Twenty minutes of eleven, and still he did not appear; ten minutes of eleven, and I could see that the sunrise glories were a trifle dimmed, and a little to the north the beginning of the glorious pageant that attends the setting sun. Eleven o’clock came, and I was sure of it. The sun was setting and not rising. Though the skies were all aflame, and sunset mingled with the dawn, it was very evident that old Sol would not show his face in Kiruna to-day. Hurrah! I have got beyond the sunrise. I am in the land of the Midday Moon!

And why is it not as notable a thing to see a day without a sunrise as to see a day without a sunset? Why do not people travel to northern Sweden or Norway to see the Midday Moon, as well as the Midnight Sun? I venture to say that the phenomena of midwinter are even more glorious than those of midsummer. I cannot imagine that one would see any such wonderful sky tints in summer as in winter. For hours the sun’s beams played upon the feathery clouds of pale blue sky and constantly changed them from glory to glory.

At one time the brilliant tints predominated and the splashes of golden color lighting up the white snow put even Turner’s pictures to the blush. After many minutes these fiery colors changed to exquisite green and blue, and broken, opalescent hues adorned the clouds. Then a red gleam showed under one dark blue cloud. The sun seemed to summon all its strength for one last burst of glory, and the western sky, which I thought had passed its acme, glowed once more with a deep red, as though some vast furnace were throwing its hidden light upon the clouds. For more than four hours this wonderful display lasted, as sunrise faded into sunset, and it was not until nearly three o’clock this afternoon that the last beam of day had entirely faded.

But the beauty of the scene did not consist altogether in the glorious colors of the sunset. All the accessories have made it forever memorable. As I walked to the top of a little eminence near Kiruna, the stillness could almost be felt. A dog barking half a mile away was distinctly audible. The axes of the workmen whom I left building a log-house as I tramped on through the snow and climbed the hillside made a melodious tapping, which could be heard as far as the dog’s bark.

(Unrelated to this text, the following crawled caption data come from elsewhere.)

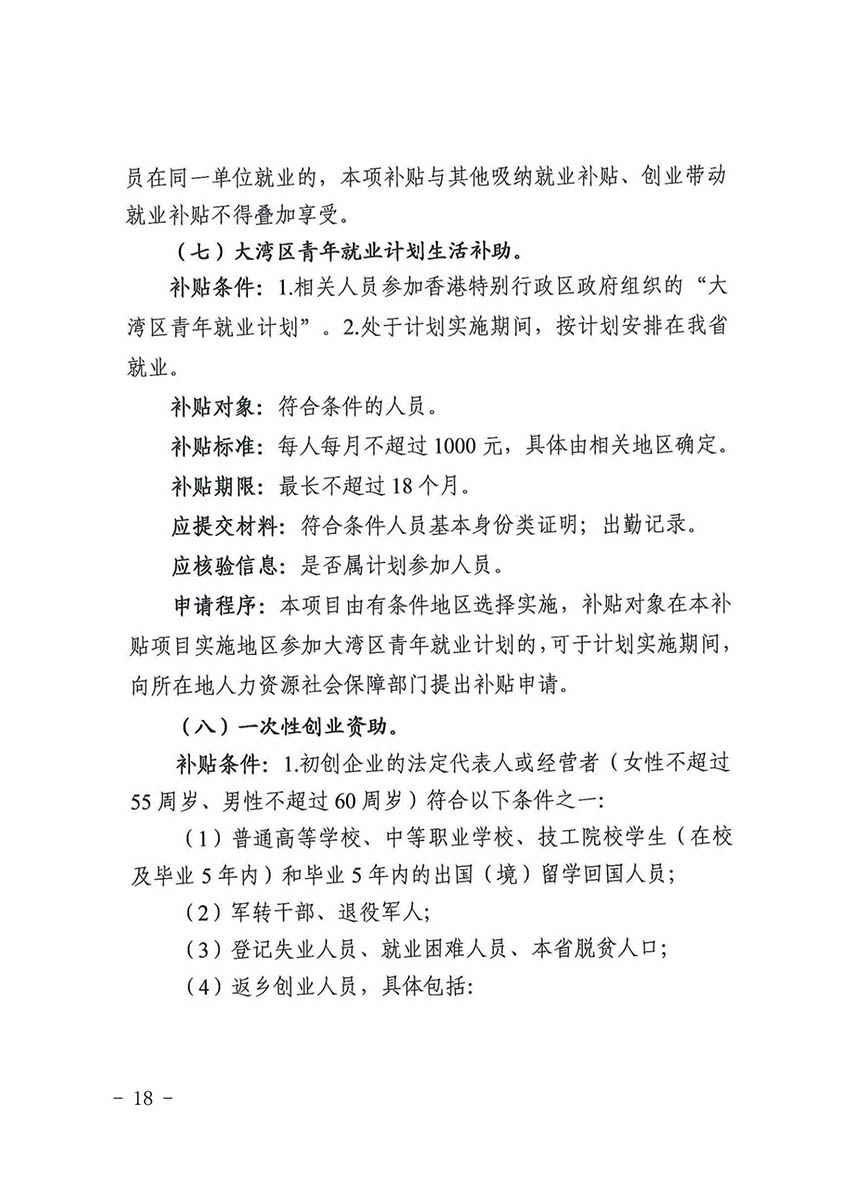花人社函〔2021〕36号彩票投注
人力资源和社会保障局转发广州市人力资源和社会保障局关于做好部分就业创业补贴政策项目衔接工作的通知_17.jpg
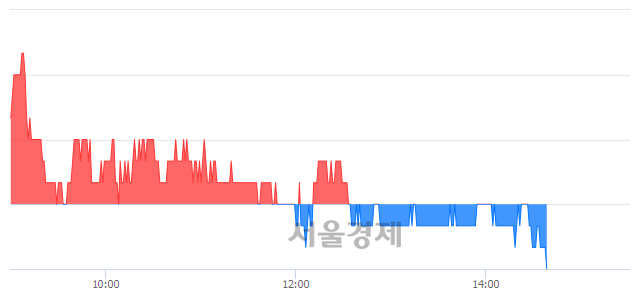 <코>신테카바이오, 장중 신저가 기록.. 12,100→12,050(▼50)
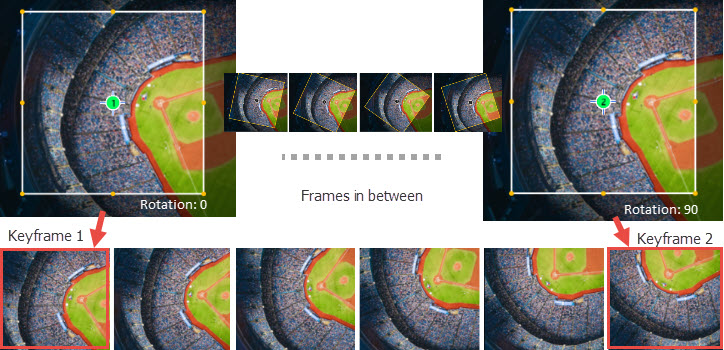 Keyframe Rotation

The trees everywhere were loaded with their beautiful burden of snow. The pines and birches seemed in the dim light of the setting sun to have blossomed out like cherry trees in May. The mercury registered only a little below zero, or perhaps some forty degrees of frost, according to Celsius, by whose thermometers the Swedes swear, for I have found no such cold weather as that in which Bayard Taylor revelled. But the zero air was so dry and still that the ordinary clothes which I found necessary and none too much for Boston east winds were entirely sufficient.

As I came down the hill, the workmen were still busy on their log house in the deepening twilight. A Yankee in a white slouch hat must be a rarity in these altitudes in winter, but they did not pause in their work or exhibit any curiosity at the sight of an outlander. Perhaps their natures partake of the largeness and solitude of their great forests and snow fields, and they are not moved by the curiosity which affects other mortals. After watching them for a few moments, I left them fitting their logs together without nails or spikes, sawing and cutting with bare hands in this zero weather as though it were balmy June.

But even when the last ray of the setting sun (which had never risen) had faded away, the glories of the Arctic night did not disappear. Indeed they had but just begun, for the aurora borealis began to shoot out its wavy lines of fire in the northern sky. Higher and higher the waves mounted toward the zenith, until they arched overhead. Palpitating like a living thing, the white would change to green, and the green to a reddish glow, and all the time the streamers that seemed to be shooting up as from a mighty volcano on either side of the North Pole waved and wavered like banners in the wind; now being folded in upon themselves, then flaunted out to their full width, as though Erebus himself were blowing upon them.